Return every line from the one with "Close-up of hands" through the one with "welcome security patrol", inclusive, exactly as it appears below.
SOURCE DATA: Begin
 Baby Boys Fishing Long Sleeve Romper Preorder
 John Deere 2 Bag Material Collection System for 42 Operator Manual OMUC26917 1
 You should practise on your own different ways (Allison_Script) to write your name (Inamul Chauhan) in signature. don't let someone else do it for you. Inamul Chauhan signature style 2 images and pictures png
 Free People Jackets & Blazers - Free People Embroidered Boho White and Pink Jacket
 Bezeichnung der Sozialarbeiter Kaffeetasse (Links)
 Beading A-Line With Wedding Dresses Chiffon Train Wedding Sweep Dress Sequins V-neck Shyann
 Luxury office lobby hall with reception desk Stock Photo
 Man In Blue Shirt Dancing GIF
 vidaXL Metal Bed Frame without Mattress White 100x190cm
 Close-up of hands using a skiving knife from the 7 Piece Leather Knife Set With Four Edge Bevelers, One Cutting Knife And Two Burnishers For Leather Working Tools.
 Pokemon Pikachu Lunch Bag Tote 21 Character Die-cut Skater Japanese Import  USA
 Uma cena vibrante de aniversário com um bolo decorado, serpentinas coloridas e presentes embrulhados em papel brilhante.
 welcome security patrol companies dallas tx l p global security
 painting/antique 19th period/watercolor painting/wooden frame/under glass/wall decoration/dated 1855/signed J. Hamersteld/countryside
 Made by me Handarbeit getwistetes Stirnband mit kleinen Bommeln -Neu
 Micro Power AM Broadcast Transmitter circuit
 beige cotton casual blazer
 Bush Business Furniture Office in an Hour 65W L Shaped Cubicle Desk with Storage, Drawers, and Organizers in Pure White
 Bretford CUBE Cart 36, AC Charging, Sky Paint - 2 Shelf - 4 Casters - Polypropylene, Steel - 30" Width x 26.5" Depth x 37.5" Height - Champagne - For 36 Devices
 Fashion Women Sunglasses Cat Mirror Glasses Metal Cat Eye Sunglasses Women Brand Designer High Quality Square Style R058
SOURCE DATA: End
** SOLUTION TO THIS TASK **
 Close-up of hands using a skiving knife from the 7 Piece Leather Knife Set With Four Edge Bevelers, One Cutting Knife And Two Burnishers For Leather Working Tools.
 Pokemon Pikachu Lunch Bag Tote 21 Character Die-cut Skater Japanese Import  USA
 Uma cena vibrante de aniversário com um bolo decorado, serpentinas coloridas e presentes embrulhados em papel brilhante.
 welcome security patrol companies dallas tx l p global security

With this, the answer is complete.